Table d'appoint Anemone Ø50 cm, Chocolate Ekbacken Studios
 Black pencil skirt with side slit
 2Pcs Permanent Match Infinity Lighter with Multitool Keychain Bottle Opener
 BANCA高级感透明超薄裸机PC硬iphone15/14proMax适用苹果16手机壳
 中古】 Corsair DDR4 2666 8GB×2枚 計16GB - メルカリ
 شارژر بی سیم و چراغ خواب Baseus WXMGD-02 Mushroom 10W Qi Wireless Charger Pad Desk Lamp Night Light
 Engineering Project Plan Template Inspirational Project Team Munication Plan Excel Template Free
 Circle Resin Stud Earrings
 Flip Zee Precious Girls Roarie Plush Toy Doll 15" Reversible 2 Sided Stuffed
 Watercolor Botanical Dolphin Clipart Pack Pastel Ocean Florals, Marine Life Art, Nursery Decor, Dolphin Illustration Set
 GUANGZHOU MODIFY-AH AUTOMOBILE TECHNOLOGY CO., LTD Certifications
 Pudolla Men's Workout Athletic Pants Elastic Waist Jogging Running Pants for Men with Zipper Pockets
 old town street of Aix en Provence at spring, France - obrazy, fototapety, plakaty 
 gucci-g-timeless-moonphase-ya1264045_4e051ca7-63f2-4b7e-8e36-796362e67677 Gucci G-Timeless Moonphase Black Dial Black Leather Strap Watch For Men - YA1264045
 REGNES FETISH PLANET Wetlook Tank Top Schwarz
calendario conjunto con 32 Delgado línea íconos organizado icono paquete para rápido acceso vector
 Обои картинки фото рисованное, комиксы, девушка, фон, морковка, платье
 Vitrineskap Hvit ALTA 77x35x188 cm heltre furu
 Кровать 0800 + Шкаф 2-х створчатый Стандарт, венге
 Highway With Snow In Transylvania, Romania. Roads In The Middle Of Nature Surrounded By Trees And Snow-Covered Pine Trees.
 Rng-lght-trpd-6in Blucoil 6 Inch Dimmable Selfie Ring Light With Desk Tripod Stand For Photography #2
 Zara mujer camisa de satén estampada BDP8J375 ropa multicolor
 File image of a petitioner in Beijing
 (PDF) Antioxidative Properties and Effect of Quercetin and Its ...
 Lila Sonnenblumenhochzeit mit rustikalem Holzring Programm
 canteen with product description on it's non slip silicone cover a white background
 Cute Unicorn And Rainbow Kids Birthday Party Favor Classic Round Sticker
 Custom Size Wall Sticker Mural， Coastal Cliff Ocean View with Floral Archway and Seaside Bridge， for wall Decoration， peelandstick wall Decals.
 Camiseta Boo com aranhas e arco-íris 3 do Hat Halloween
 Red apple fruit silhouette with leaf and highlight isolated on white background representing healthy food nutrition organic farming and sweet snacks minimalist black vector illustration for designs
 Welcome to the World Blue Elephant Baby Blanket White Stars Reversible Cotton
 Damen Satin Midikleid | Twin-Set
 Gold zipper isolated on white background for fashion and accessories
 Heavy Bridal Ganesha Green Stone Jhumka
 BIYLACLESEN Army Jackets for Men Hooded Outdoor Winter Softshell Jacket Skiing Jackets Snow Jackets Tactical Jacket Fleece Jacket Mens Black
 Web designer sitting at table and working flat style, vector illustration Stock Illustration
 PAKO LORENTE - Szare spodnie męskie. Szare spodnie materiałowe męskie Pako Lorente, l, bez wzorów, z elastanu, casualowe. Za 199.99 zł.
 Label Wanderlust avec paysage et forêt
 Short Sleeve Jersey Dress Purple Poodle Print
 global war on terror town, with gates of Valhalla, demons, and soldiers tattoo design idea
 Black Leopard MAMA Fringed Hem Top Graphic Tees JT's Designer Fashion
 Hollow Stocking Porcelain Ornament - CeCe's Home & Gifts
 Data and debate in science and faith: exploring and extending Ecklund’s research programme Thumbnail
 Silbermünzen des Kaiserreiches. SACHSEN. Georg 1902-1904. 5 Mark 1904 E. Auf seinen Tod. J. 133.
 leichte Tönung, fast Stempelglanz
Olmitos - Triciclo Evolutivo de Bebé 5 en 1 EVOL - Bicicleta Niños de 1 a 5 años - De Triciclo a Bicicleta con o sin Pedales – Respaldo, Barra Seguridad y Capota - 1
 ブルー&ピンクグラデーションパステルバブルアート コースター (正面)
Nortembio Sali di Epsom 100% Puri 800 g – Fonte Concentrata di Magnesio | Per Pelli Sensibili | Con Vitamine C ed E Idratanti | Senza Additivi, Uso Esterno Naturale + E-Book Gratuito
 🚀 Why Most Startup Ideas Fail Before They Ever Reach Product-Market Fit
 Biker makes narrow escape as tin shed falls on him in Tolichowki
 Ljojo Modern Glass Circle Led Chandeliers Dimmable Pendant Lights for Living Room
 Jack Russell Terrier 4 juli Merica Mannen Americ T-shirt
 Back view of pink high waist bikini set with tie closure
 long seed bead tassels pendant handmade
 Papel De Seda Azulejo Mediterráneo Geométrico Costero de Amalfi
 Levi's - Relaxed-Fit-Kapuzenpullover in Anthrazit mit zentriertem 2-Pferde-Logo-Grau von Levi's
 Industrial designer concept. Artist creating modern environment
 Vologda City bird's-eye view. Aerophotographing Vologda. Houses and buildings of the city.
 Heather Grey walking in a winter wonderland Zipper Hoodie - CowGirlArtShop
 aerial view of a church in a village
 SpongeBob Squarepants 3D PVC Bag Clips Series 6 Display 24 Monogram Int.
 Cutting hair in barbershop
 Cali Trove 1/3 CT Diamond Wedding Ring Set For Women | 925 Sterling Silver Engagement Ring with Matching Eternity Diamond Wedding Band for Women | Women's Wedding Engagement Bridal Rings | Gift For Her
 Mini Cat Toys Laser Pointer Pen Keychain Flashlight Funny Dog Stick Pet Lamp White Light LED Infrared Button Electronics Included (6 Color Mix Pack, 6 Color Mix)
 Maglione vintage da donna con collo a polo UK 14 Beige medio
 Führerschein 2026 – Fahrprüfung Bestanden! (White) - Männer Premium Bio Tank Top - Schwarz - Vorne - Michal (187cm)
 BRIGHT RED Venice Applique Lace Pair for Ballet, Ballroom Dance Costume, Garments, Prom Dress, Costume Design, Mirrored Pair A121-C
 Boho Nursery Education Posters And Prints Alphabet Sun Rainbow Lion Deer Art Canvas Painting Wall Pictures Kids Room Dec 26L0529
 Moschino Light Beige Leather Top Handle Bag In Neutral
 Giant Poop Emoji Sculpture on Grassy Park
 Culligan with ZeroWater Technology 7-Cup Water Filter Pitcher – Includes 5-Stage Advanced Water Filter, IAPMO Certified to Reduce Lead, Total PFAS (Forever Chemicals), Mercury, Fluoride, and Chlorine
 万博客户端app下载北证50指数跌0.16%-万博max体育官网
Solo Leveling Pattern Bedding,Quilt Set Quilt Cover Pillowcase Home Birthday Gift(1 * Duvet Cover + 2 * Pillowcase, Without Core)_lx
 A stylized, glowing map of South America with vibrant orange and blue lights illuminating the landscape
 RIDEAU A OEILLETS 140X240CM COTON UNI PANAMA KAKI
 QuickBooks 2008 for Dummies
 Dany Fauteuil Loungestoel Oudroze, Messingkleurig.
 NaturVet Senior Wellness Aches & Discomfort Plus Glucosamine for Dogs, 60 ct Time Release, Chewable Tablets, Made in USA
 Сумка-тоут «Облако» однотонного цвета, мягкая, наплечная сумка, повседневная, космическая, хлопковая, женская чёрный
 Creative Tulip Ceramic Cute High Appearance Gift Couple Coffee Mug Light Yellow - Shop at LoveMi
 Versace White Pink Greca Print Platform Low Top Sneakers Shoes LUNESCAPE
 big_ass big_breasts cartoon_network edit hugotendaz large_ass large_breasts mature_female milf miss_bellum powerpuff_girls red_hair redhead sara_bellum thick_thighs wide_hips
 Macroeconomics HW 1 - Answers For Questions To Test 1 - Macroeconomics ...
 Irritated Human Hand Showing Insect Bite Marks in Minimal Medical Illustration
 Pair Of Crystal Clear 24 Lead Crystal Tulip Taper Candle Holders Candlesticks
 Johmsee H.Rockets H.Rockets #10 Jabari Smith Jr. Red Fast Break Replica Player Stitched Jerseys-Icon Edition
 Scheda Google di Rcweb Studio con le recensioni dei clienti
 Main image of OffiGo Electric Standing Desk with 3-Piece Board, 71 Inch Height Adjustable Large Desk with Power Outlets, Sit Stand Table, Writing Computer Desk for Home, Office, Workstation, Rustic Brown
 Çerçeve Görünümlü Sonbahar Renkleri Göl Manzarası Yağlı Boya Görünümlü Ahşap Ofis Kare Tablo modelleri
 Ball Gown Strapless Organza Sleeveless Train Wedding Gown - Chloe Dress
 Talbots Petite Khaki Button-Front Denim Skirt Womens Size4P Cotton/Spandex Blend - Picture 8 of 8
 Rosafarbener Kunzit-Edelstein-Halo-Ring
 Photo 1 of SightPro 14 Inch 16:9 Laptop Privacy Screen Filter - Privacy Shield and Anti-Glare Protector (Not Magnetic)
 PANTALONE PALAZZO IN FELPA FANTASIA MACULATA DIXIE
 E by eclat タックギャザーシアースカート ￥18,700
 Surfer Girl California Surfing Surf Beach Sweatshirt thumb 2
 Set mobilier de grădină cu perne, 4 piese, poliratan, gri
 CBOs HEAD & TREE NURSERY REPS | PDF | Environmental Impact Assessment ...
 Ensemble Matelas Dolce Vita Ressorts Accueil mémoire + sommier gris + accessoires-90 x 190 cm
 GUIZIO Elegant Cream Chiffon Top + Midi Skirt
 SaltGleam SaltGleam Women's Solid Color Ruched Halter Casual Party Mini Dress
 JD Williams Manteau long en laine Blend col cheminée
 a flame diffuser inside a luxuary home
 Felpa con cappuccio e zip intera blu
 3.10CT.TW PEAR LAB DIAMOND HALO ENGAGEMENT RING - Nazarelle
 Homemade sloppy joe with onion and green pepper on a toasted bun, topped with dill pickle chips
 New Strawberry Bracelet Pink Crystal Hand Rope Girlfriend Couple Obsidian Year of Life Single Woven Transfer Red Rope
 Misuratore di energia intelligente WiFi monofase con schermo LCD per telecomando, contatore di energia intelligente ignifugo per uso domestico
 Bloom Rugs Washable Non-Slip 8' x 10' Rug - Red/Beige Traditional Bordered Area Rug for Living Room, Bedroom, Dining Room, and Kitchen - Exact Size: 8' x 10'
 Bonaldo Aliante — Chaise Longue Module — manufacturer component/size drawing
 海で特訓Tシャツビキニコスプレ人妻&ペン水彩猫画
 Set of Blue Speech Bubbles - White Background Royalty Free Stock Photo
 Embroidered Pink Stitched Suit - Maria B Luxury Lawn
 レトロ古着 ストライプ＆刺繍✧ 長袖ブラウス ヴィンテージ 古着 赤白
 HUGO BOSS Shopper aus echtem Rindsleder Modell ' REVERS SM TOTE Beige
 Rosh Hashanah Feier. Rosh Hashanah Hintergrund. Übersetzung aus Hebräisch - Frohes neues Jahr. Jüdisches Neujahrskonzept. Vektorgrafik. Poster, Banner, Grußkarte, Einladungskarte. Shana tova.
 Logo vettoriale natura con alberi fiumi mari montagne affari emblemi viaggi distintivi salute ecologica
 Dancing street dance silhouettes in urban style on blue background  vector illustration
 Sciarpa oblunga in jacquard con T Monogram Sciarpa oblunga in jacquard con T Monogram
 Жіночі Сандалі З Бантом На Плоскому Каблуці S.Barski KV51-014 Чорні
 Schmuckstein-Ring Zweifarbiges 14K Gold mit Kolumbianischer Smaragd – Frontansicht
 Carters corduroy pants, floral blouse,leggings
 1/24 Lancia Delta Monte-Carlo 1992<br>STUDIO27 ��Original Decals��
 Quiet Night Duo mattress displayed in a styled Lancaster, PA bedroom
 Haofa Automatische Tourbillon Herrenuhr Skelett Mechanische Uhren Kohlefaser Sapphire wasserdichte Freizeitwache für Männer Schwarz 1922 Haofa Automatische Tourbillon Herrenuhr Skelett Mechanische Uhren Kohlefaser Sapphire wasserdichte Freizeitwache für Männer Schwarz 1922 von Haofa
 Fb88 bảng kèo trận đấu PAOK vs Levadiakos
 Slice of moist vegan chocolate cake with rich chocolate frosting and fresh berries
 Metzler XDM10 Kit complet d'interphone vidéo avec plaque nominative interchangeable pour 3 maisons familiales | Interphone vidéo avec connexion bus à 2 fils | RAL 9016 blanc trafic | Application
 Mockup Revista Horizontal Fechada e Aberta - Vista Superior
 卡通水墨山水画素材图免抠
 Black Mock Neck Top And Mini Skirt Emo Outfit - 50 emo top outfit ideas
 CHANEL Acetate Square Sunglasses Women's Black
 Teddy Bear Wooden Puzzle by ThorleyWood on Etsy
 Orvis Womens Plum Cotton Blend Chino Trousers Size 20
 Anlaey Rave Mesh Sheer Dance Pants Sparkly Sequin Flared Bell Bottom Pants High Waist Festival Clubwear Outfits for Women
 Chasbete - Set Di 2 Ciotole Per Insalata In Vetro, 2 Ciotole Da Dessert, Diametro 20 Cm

········

**Work order:**
Restate word for word only the lines above from the line containing "شارژر بی سیم" to the line containing "Flip Zee Precious", both of them included.

**Answer to the exercise:**
 شارژر بی سیم و چراغ خواب Baseus WXMGD-02 Mushroom 10W Qi Wireless Charger Pad Desk Lamp Night Light
 Engineering Project Plan Template Inspirational Project Team Munication Plan Excel Template Free
 Circle Resin Stud Earrings
 Flip Zee Precious Girls Roarie Plush Toy Doll 15" Reversible 2 Sided Stuffed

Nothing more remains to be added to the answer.